Table 3: Sources of Cryptocurrency Exchange Wallet Addresses. -
We gathered 29 addresses from DefiLlama (https://defillama.com/cexs), particularly those associated with exchanges such as Coinsquare, Gate.io, Swissborg, Latoken, Woo, and Cakedefi. These addresses can be accessed by selecting the exchange on the DefiLlama CEX page and then clicking on the Wallet Addresses button, which redirects to a GitHub page containing the respective addresses.
-
To broaden our collection of ransomware addresses, we incorporated addresses uncovered in previous research papers, including the two Padua ransomware datasets (https://spritz.math.unipd.it/projects/btcransomware/)6 and the Montréal ransomware dataset (https://doi.org/10.5281/zenodo.1238041)10,29. These addresses were collated from public sources such as security reports, academic publications, and online databases that catalog Bitcoin addresses linked to illicit activities.
-
We also included addresses from the Specially Designated Nationals (SDN) List (https://sanctionslist.ofac.treas.gov/Home/SdnList) curated by the U.S. Department of Treasury.
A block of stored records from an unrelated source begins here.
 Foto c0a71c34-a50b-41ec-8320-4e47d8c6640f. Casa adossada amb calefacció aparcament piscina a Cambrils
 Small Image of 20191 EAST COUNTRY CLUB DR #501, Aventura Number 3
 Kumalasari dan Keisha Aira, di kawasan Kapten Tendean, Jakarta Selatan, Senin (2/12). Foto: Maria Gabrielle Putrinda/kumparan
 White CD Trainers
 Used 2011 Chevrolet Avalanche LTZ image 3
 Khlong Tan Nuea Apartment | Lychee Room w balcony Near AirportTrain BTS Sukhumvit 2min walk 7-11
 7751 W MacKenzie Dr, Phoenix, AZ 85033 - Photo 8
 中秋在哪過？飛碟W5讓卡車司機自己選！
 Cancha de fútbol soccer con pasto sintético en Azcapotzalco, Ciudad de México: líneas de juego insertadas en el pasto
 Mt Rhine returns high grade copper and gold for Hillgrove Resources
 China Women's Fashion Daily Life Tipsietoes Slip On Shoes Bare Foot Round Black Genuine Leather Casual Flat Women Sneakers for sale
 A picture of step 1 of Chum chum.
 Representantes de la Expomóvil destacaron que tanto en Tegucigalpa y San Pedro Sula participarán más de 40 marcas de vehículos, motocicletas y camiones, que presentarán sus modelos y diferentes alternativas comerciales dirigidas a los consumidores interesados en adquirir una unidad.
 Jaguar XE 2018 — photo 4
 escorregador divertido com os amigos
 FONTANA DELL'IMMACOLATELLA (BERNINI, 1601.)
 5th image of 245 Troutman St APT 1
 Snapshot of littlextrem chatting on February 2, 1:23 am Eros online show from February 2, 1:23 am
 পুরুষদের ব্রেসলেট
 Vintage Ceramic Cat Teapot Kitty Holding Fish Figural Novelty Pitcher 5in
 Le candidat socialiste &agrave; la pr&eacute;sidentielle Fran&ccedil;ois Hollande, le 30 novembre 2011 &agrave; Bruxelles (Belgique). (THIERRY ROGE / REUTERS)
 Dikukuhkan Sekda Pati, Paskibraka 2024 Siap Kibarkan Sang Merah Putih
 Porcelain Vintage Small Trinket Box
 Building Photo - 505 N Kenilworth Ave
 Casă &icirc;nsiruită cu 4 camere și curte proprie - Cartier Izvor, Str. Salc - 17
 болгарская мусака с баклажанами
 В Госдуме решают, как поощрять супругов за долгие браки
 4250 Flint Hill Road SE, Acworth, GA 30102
The addresses are provided in the ‘SDN.XML’ file. Selected entities from this list encompass ‘Suex’, ‘Chatex’, and ‘Garantex’ (all designated as exchanges), ‘Hydra’ (marketplace), and ‘Blender.io’ (mixer).
-
Additionally, we incorporated addresses holding bitcoins associated with the bridge Wrapped Bitcoin (https://wbtc.network/dashboard/audit), categorizing them as ‘bridge’.
-
Bitcoin addresses were also sourced from user profiles on BitcoinTalk. Forum users often display their personal Bitcoin addresses in profiles or signatures below their posts. We scraped the profiles of all forum participants based on previously collected messages, labeling each identified address as ‘individual’.
-
We further included addresses tied to mining entities. Miners receive rewards for integrating new transactions into the blockchain through specific operations known as Coinbase transactions. Miners can embed a message in these transactions; certain mining companies may include their name or a unique pattern. These messages help to identify and classify these addresses as ‘mining’.
-
Lastly, we enriched our dataset with addresses linked to betting and gambling platforms. Some platforms, like Fairlay and DirectBet, enable customers to participate in bets by sending bitcoin to uniquely designated addresses for each bet. Users often share their bets on forums such as BitcoinTalk via URLs corresponding to the bets, which include Bitcoin deposit addresses. We devised regex patterns to detect these URLs, extract addresses, and classify them as ‘bet’.
All addresses gathered in this subsection, with the exception of the 29 addresses from DefiLlama, are included in the dataset (see ‘Data Records’). However, these excluded addresses can still be accessed through the provided links.